4. The courts of the Republic of Panama will enforce judgments of United States courts in actions against McDermott obtained in such courts predicated on the civil liability provisions of the United States federal securities laws, provided (i) any such judgment is approved by the Supreme Court of Panama, (ii) such foreign court grants reciprocity to the enforcement of judgments of courts of Panama, (iii) the party against whom the judgment was rendered, or its agent, was personally served in such action within such foreign jurisdiction, (iv) the judgment arises out of a personal action against the defendant, (v) the obligation in respect of which the judgment was rendered is lawful in Panama and does not contradict the public policy of Panama, (vi) the judgment is properly authenticated by diplomatic or consular officers of Panama or by an Apostille pursuant to the 1961 Hague Convention Abolishing the Requirement of Legalization of Foreign Public Documents, and (vii) a copy of the final judgment is translated into Spanish by a licensed translator in Panama.

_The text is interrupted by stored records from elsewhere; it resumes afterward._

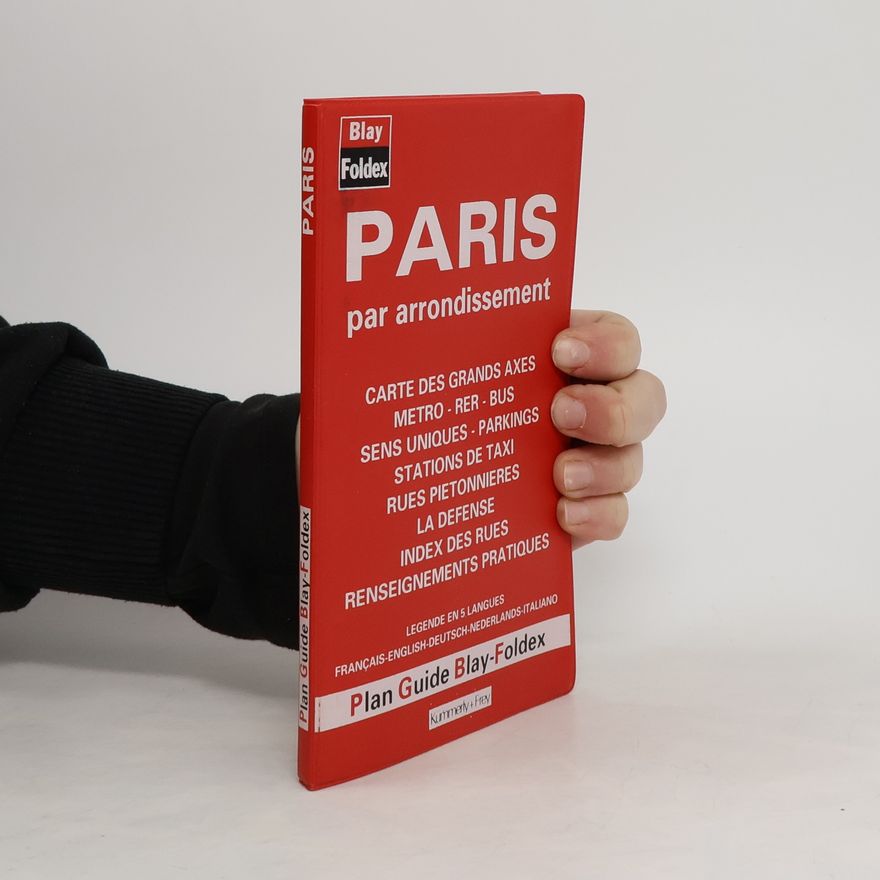 Various authors Paris par arrondissement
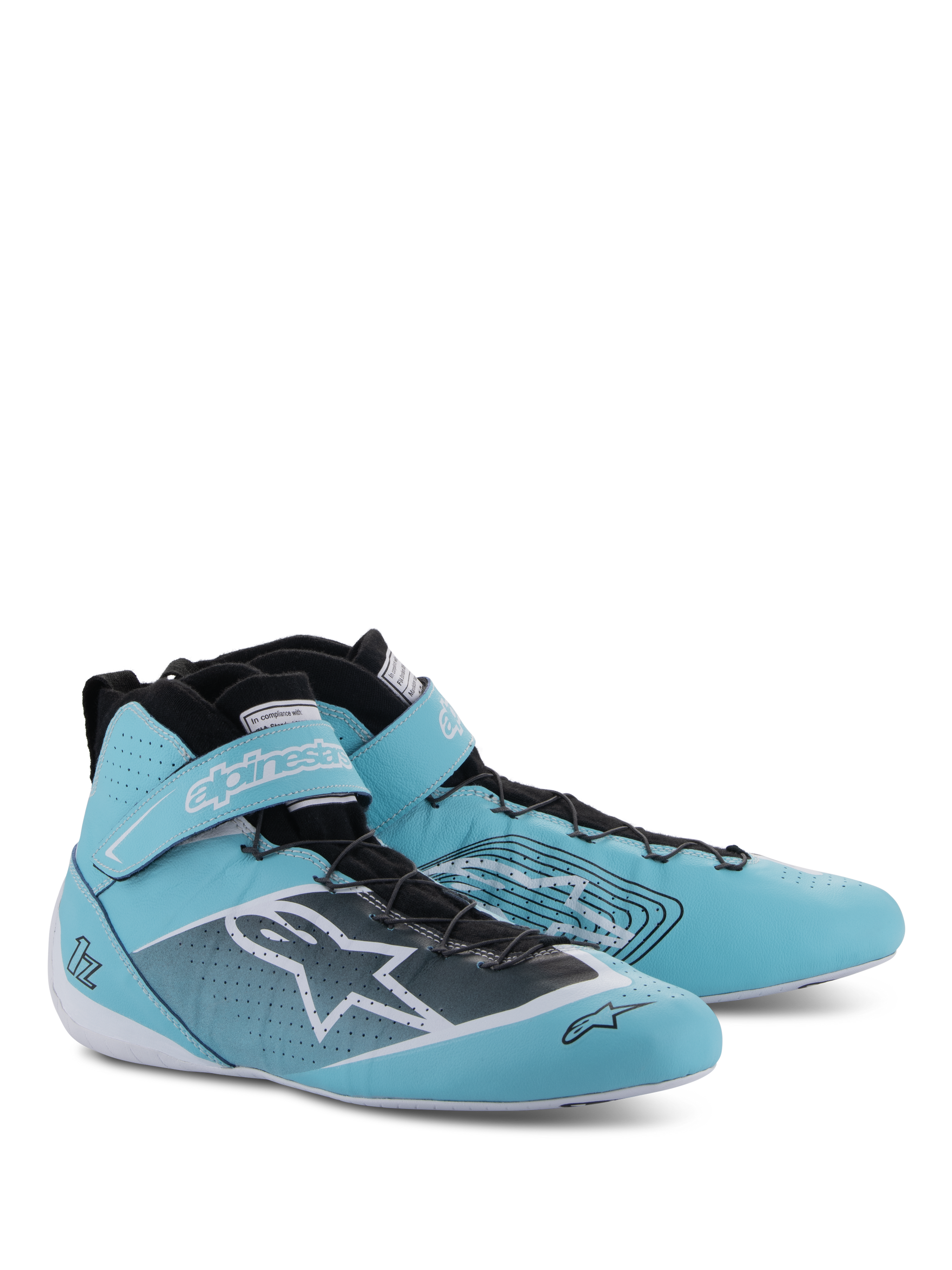 Tech-1 Z V3 Shoes FIA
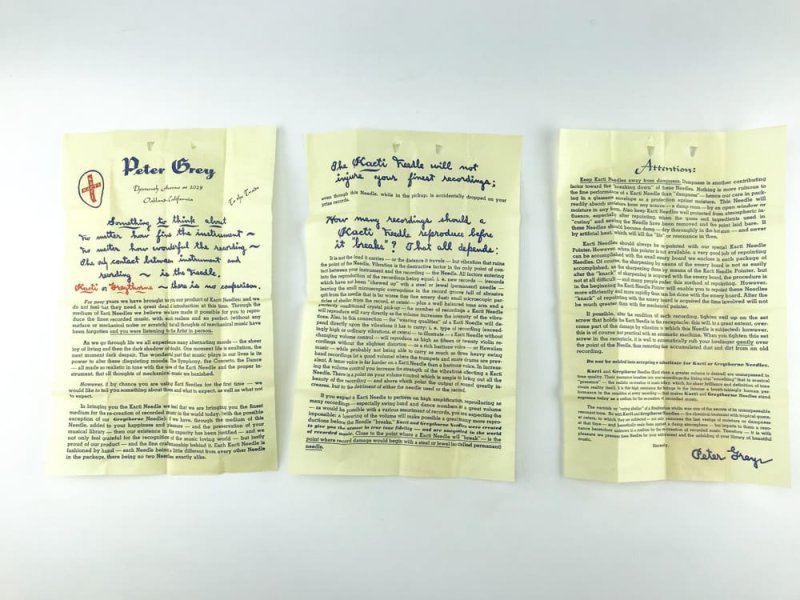 画像7: Kacti ソーン針 (7)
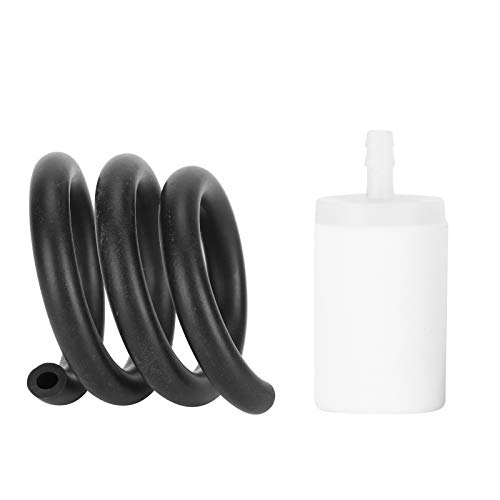 Fuel Line Hose + Fuel Filter Fit for HUSQVARNA Chainsaw Trimmer Weedeater 576 372 390 385 346XP 372XP 575XP 350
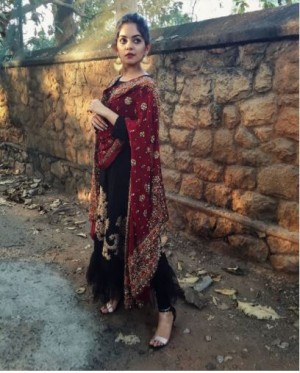 Ass Ahaana Krishna naked (63 pics) Fappening, 2017, butt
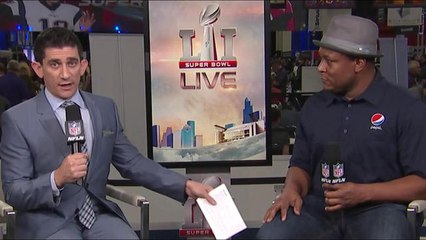 Barry Sanders on favorite RB: You have to look at what Elliott did this year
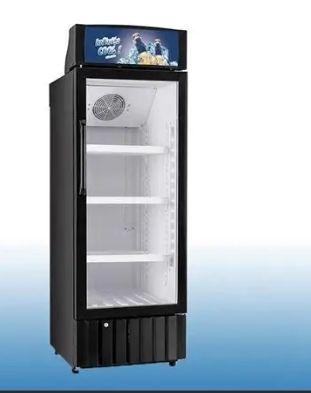 Manjeet  Kitchen Beverage Display Cabinet 300LTR 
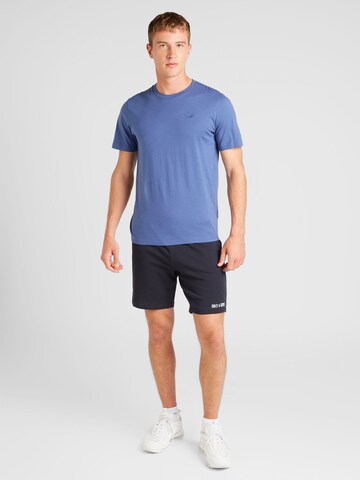 Only & Sons Regular Shorts 'ONSDIRK' in Blau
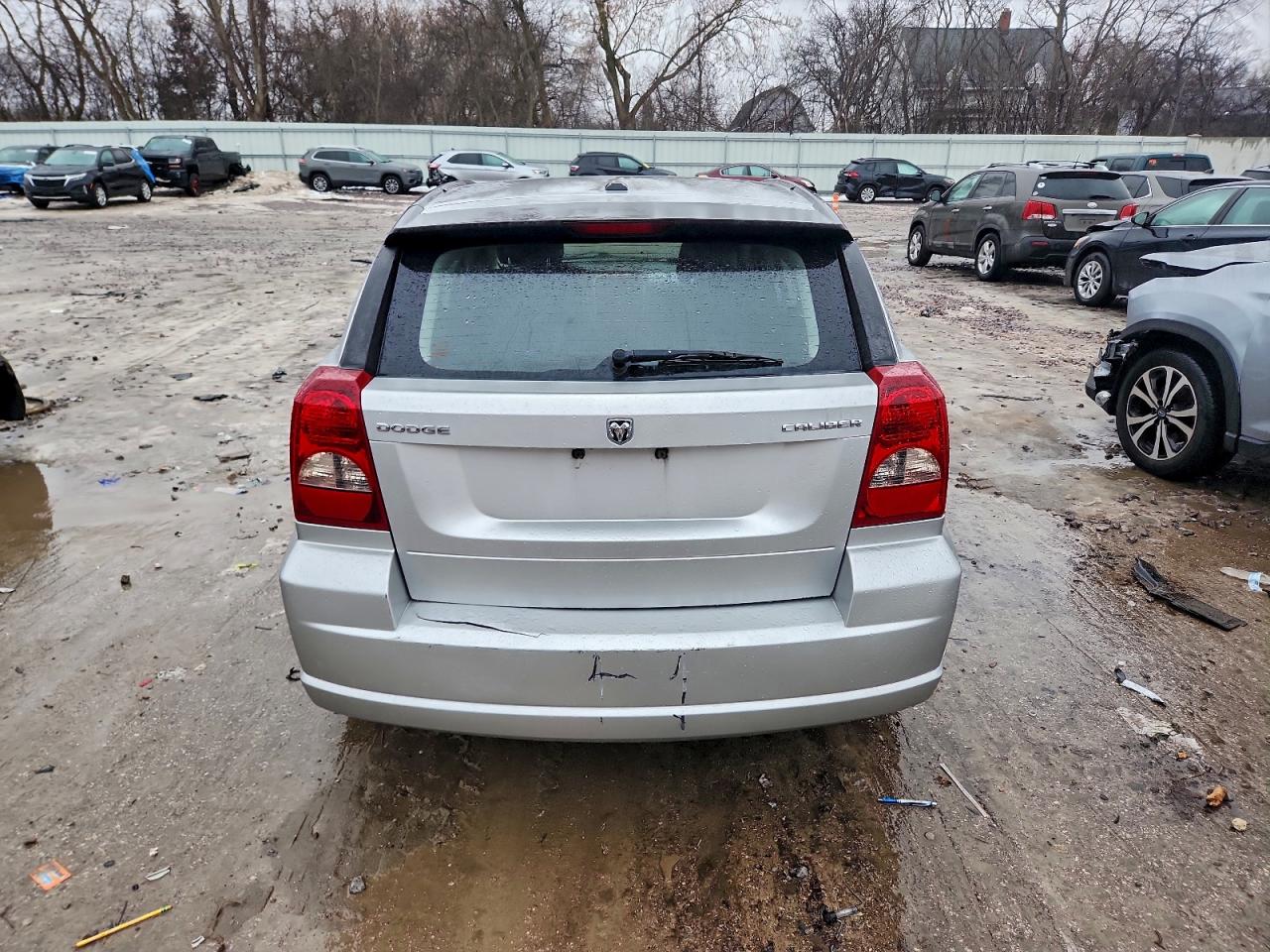2011 DODGE CALIBER MAINSTREET photo 6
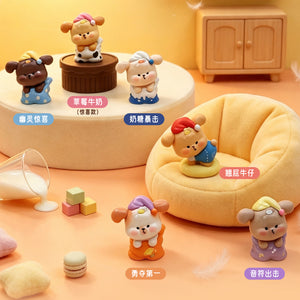 Moji midnight war Series Beans Blind Bag
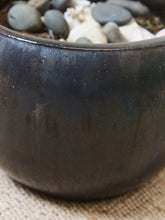 Load image into Gallery viewer, Glazed Ceramic Bowl Planter
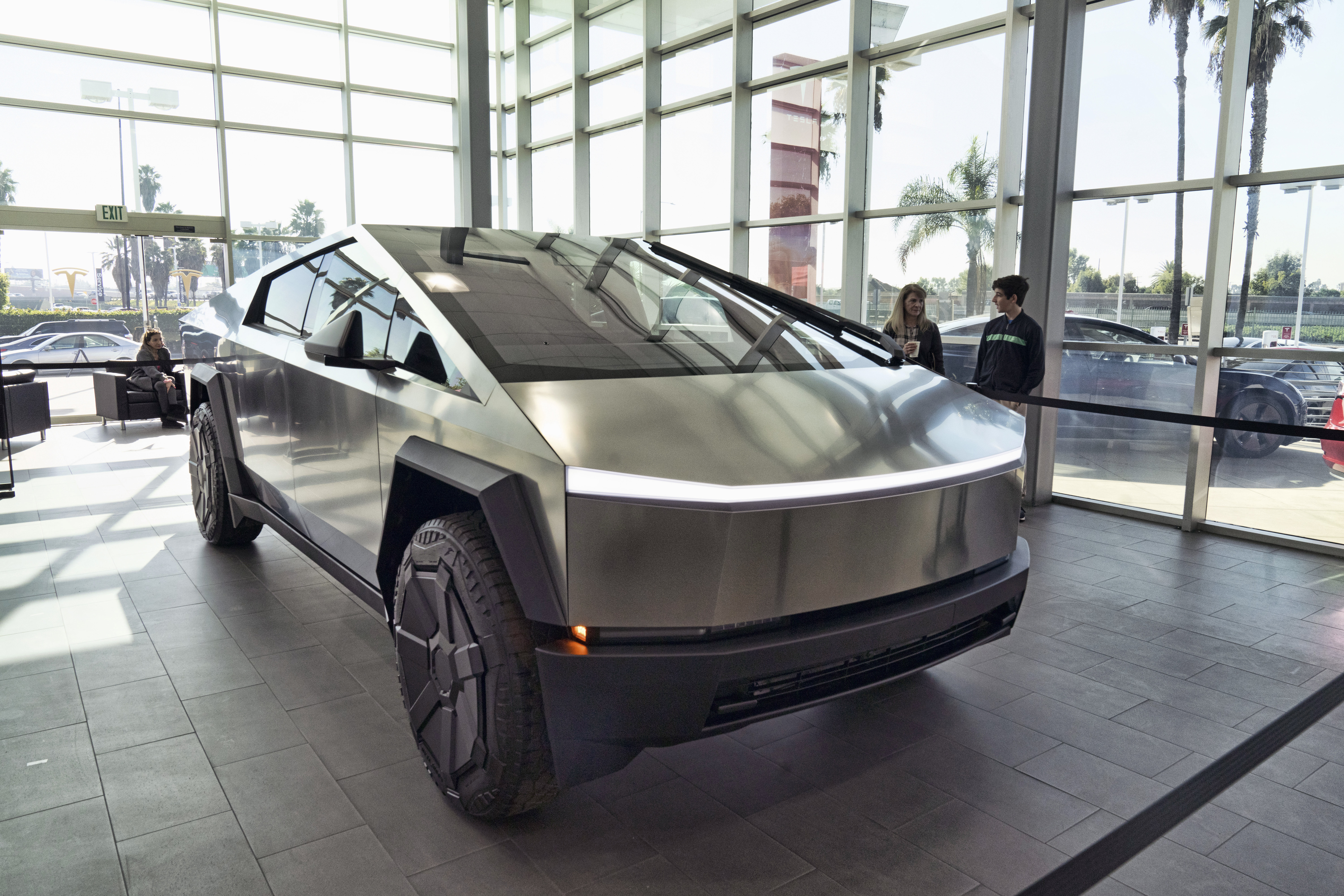 Tesla Recall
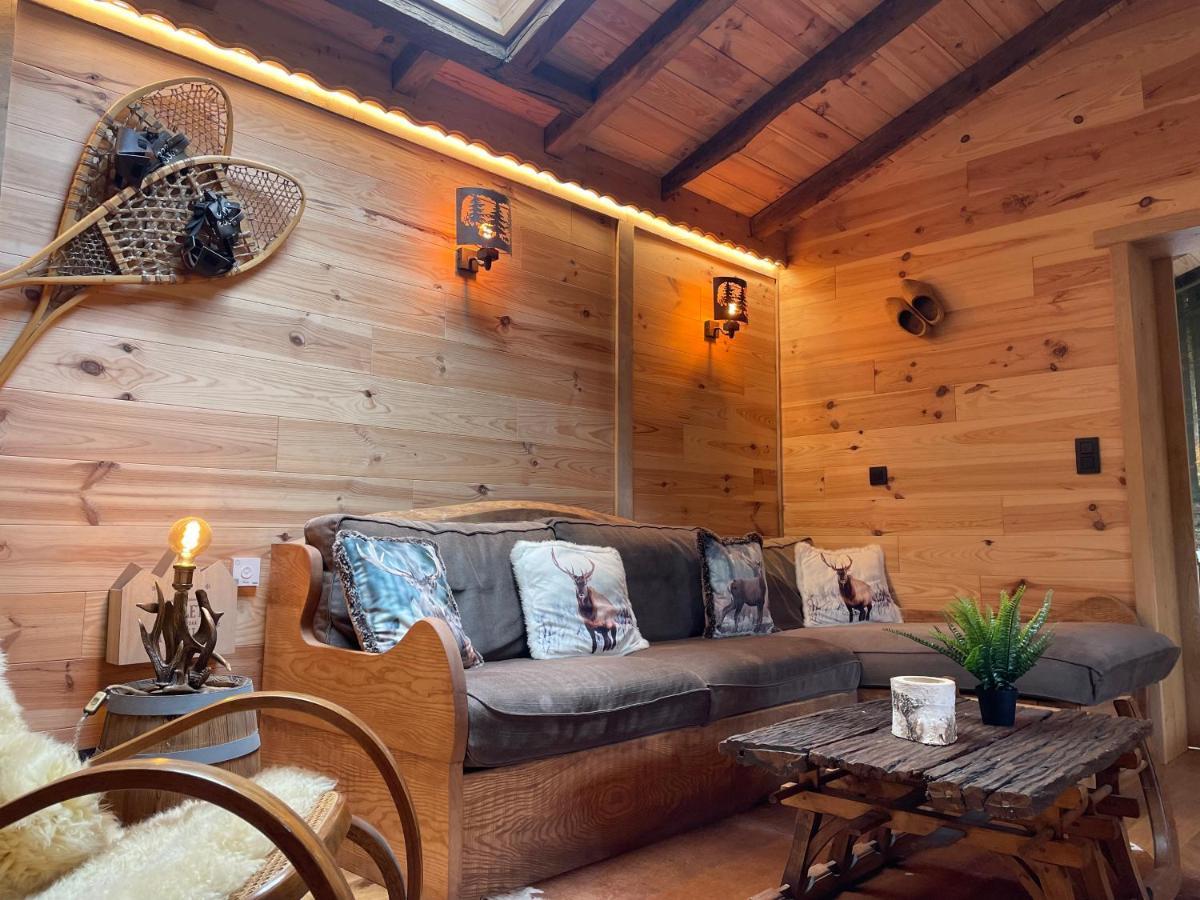 Le Chalet Du Helivy Jalhay Eksteriør bilde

5. The courts of the Republic of Panama will not impose, in original actions, liabilities against McDermott predicated solely on the United States federal securities laws.
We also confirm that the statement in the Registration Statement under the heading “Enforceability of Civil Liabilities” which attributes certain opinions to us is correct.
We limit the opinions we express above in all respects to matters of the laws of the Republic of Panama as in effect on the date hereof. This opinion is to be governed by and construed in accordance with the laws of the Republic of Panama and is limited to, and is given on the basis of, current practice in Panama.
We hereby consent to the filing of this opinion of counsel as Exhibit 5.2 to this Current Report on Form 8-K. We also consent to the reference to our Firm under the heading “Legal Matters” in the prospectus forming a part of the Registration Statement. In giving this consent, we do not hereby admit that we are in the category of persons whose written consent Section 7 of the Act requires to be filed.